Action item: Restate the whole listing exactly.

Collected data:

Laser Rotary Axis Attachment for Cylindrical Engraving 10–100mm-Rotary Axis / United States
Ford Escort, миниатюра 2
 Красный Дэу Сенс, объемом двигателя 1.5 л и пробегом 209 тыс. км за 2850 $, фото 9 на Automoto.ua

Your solution:
Laser Rotary Axis Attachment for Cylindrical Engraving 10–100mm-Rotary Axis / United States
Ford Escort, миниатюра 2
 Красный Дэу Сенс, объемом двигателя 1.5 л и пробегом 209 тыс. км за 2850 $, фото 9 на Automoto.ua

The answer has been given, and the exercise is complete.